Hart's practical guidance was direct: for a person choosing between tap and bottled water on an average day, drinking from the tap carries a lower nanoplastic load. The chart below shows the relative particle comparison as reported in the study.

PFAS Contamination Reaches Nearly Half of U.S. Tap Water Supplies

The case for choosing bottled water has traditionally rested on avoiding contaminants in municipal systems, and PFAS — per- and polyfluoroalkyl substances — represent the most widely documented concern. The CDC has reported that virtually all Americans have measurable PFAS levels in their blood. A U.S. Geological Survey estimate cited by NPR's environmental reporter Mara Hoplamazian on May 14, 2026, puts the share of tap water supplies containing one or more PFAS compounds at approximately 45 percent, across more than 30 identified variants.

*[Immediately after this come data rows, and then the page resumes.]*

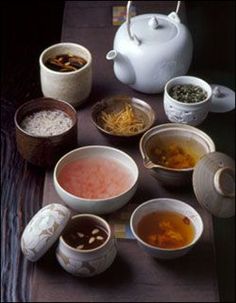 there are many bowls with different types of food in them on the table next to a tea pot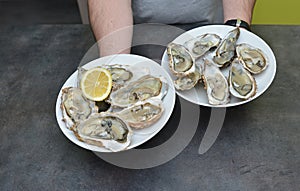 Man hands with lemon and oyster.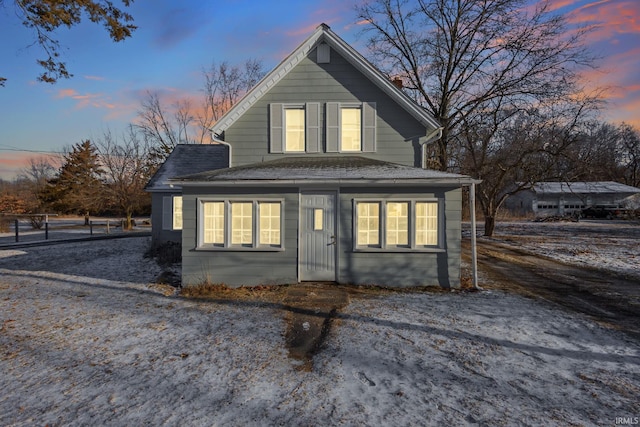 back of property at dusk with roof with shingles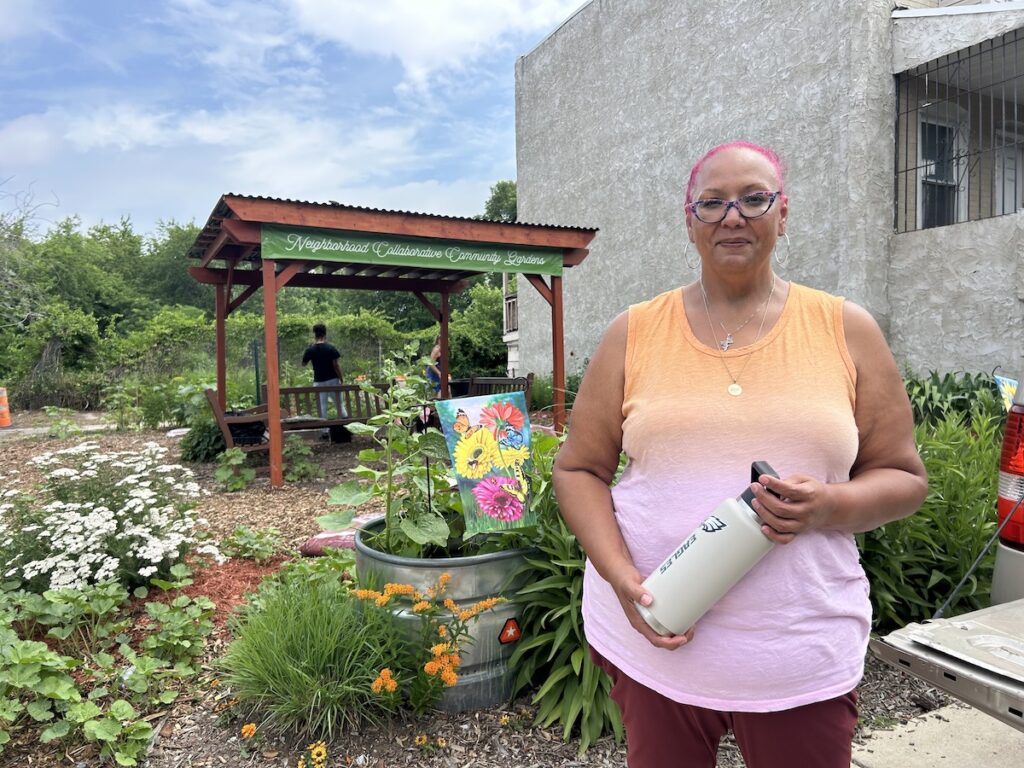 bus-shelters-SS-080726-04 Jacqueline M. Santiago-Vicente standing in the Byron Street community garden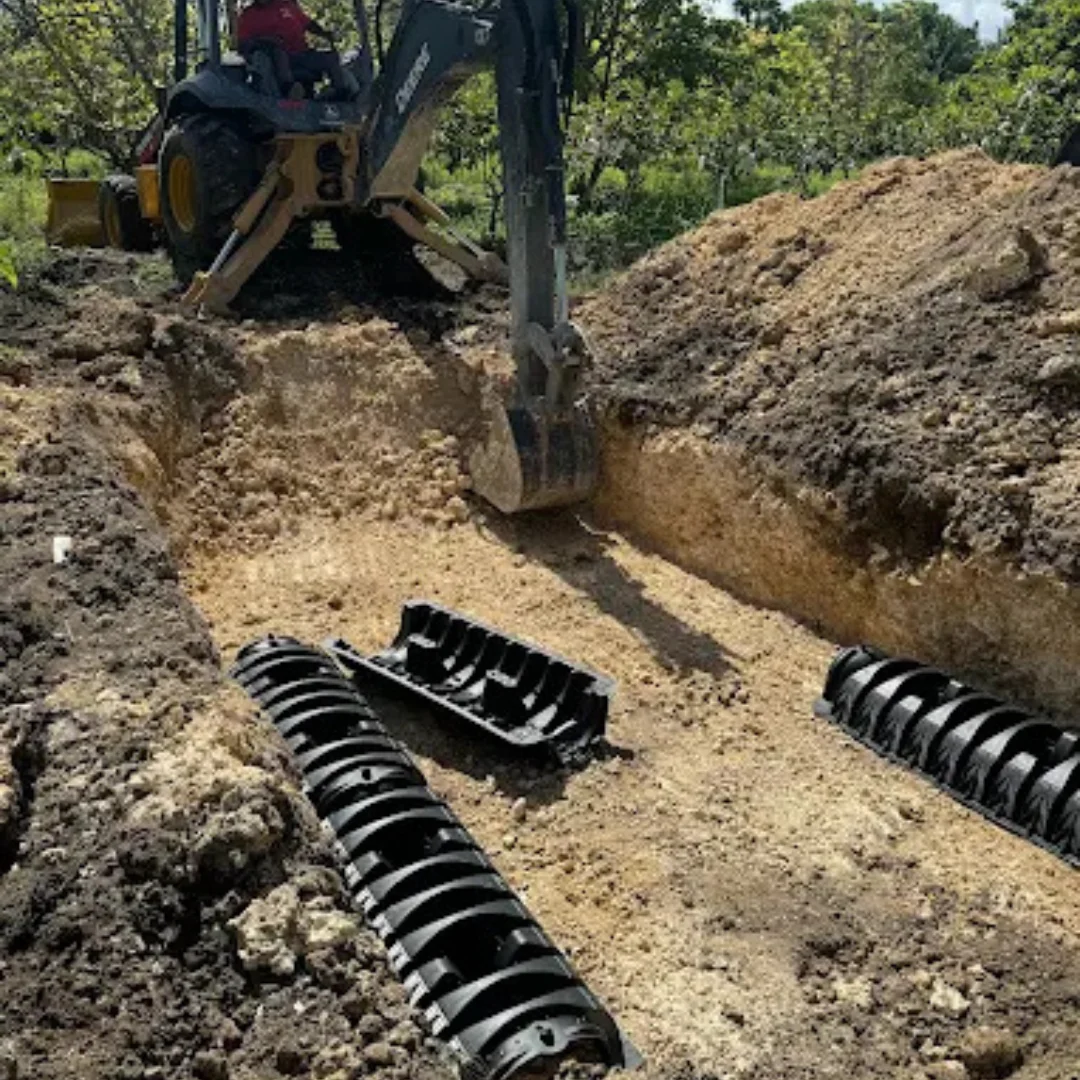 Excavator digging a trench for septic system drain field installation with plastic chamber pipes placed in the ground.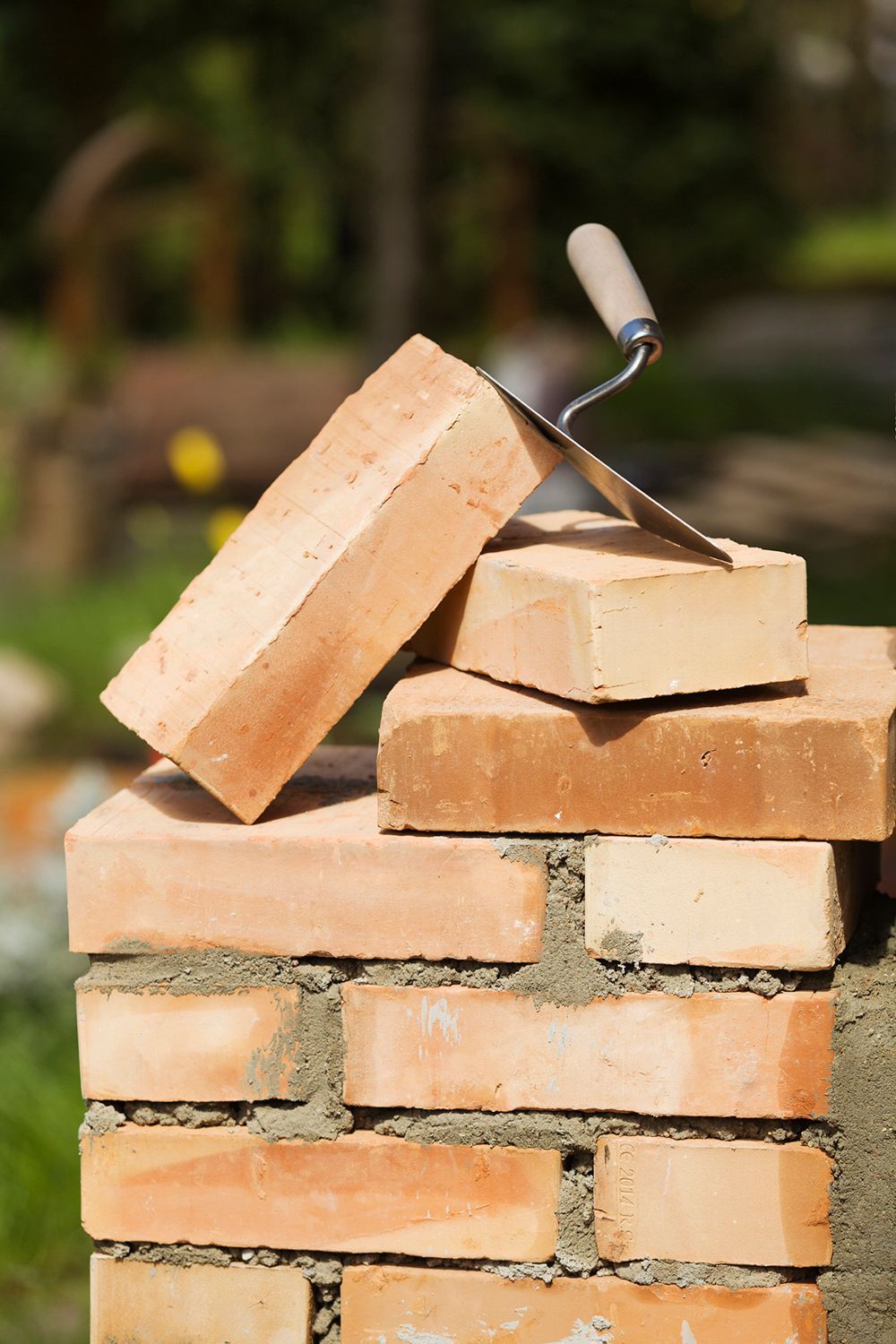 Bricks stacked to form a wall with a trowel on top, outdoors, natural light.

PFAS are synthetic compounds engineered for their resistance to heat, water, and chemical degradation. That same stability makes them persistent in environmental and biological systems. Chronic exposure has been linked to cancers, high cholesterol, thyroid disease, and immune suppression. They do not break down naturally, which means contamination in a water source tends to accumulate rather than clear over time.

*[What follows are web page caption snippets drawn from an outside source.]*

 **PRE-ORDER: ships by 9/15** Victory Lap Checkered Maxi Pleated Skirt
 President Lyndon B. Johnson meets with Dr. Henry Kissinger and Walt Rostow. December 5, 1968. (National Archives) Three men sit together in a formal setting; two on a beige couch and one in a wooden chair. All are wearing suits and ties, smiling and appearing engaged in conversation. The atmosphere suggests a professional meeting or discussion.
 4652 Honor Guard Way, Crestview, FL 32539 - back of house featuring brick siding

Federal regulation has been contested. The EPA previously established enforceable limits on PFAS in municipal drinking water, but as of mid-2026, proposals to roll back or revise those standards have introduced uncertainty for both utility operators and consumers who rely on compliance enforcement as a signal of safety. The regulatory picture remained unsettled at the time of the NPR broadcast.

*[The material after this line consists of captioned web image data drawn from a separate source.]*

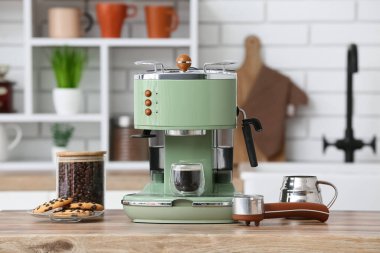 Modern kahve makinesi, bir bardak sıcak espresso ve mutfaktaki ahşap masada bir tabak tatlı kurabiye.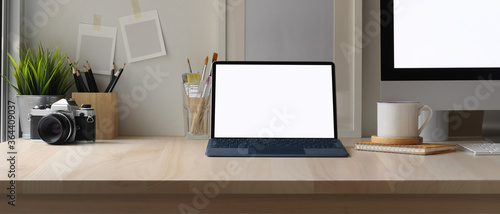 Simple worktable with mock up tablet, computer, camera, painting brushes, stationery and decorations in home office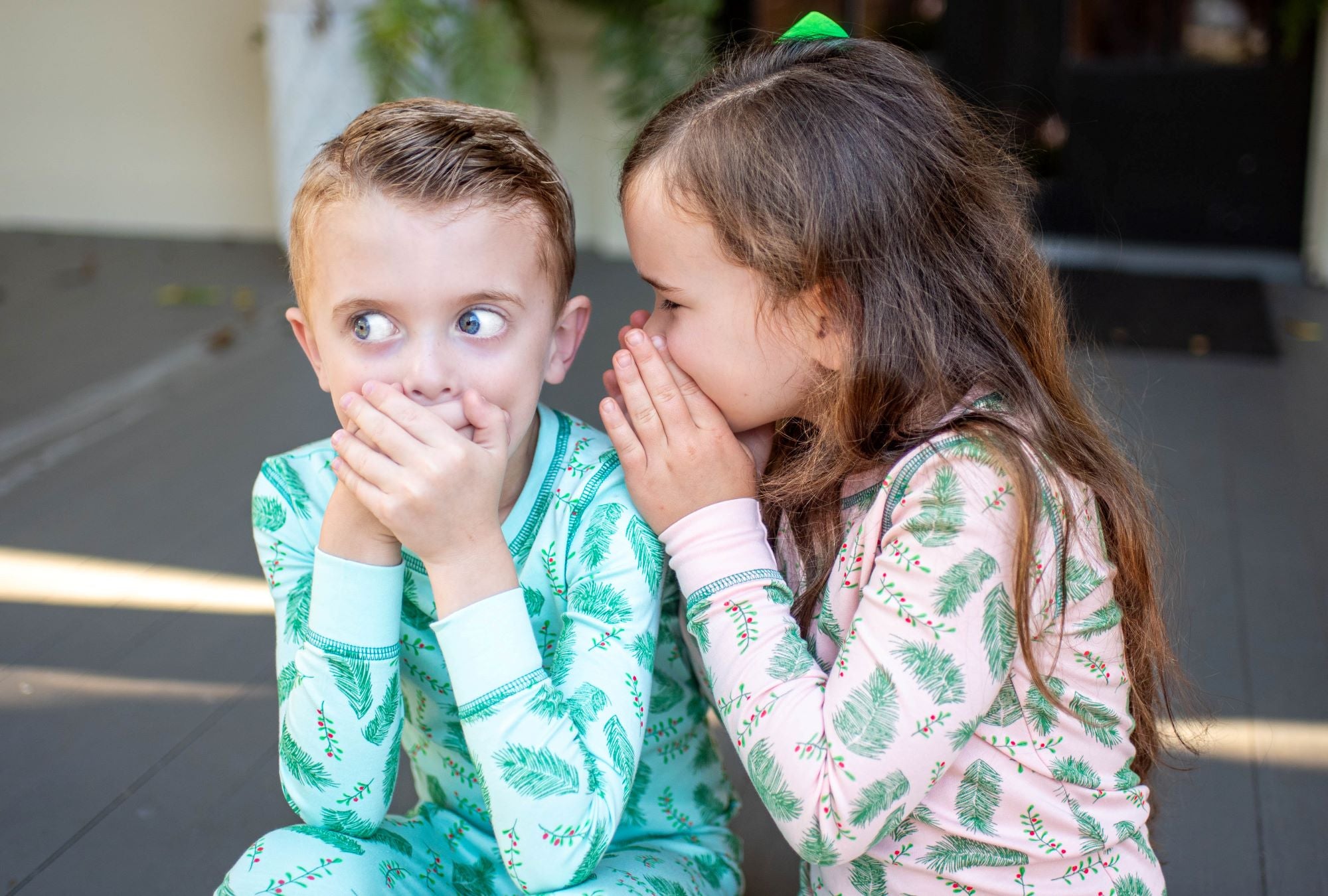 Children wearing two-piece pajama set with vintage Christmas holly pattern made with pima cotton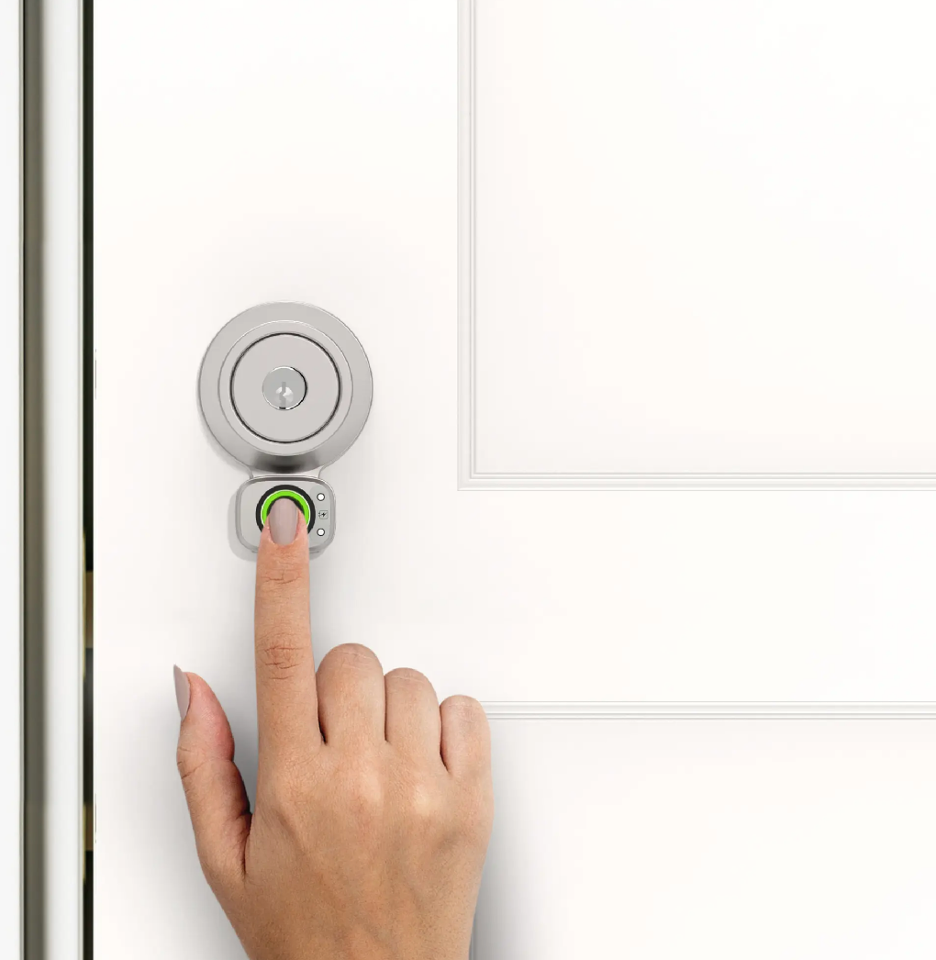 A person using a Lockly Flex Touch Pro retrofit smart lock.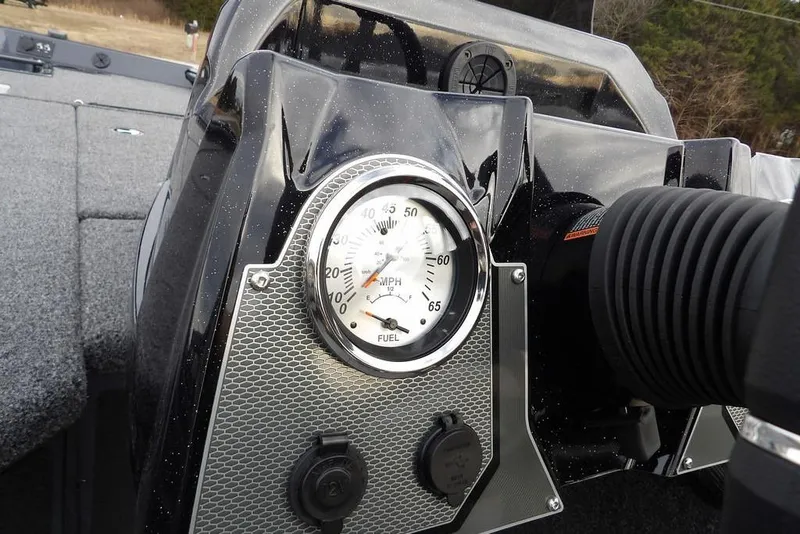 Slide: The Image of 2026 Lund 1875 Renegade dashboard with speedometer and fuel gauge, featuring sleek design. - 23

The metric cards below place the PFAS exposure scope in context using CDC and USGS figures.

The Mitigation Options Each Come With a Different Residual Risk

Neither choosing tap nor choosing bottled water eliminates both categories of risk at once. Filtering tap water addresses the PFAS concern more directly, and the two most effective technologies are multi-stage activated carbon filtration and reverse osmosis systems certified for PFAS reduction.

Reverse osmosis is the more efficient of the two at stripping PFAS. But it introduces a separate complication: the plastic housings, membranes, and resin components in RO systems may shed nanoplastics into the filtered output. That potential is flagged in preliminary findings and public forum discussions cited in the source material. Controlled measurement of nanoplastic output from certified RO units has not yet been established at the level of the OSU tap/bottled comparison, so the relative scale of this risk is not yet quantified. What it does mean is that the same logic driving consumers away from bottled water — avoid plastic contact — applies, in attenuated form, to plastic-component filtration hardware.

The practical mitigation that addresses both concerns most directly is storing and serving filtered water in non-plastic containers. Stainless steel and borosilicate glass — particularly options with minimal or no plastic or silicone components — remove the secondary plastic-contact step after filtration. The trade-off for consumers is cost and convenience rather than safety.

One action that does not reduce risk in either direction is switching between tap and bottled water without filtration. That swap trades a lower nanoplastic load (tap) for a lower PFAS load (bottled) and does not address the underlying exposure; it only shifts its composition.

The matrix below maps each main consumer option against the two contaminant categories using ordinal editorial assessments drawn from the sourced evidence.

The OSU researchers have not proposed that tap water is uniformly safe. Their finding is narrower: on the specific question of nanoplastic particle load, treated municipal water is currently the lower-exposure option compared with commercially bottled water. PFAS contamination operates on a different axis entirely, varies by geography and utility, and requires different tools to address. Consumers in areas with confirmed PFAS detections in their municipal supply face a situation where neither unfiltered option removes both categories of risk, and where the most complete mitigation strategy involves filtration combined with non-plastic storage — a combination that is more effective than any single substitution.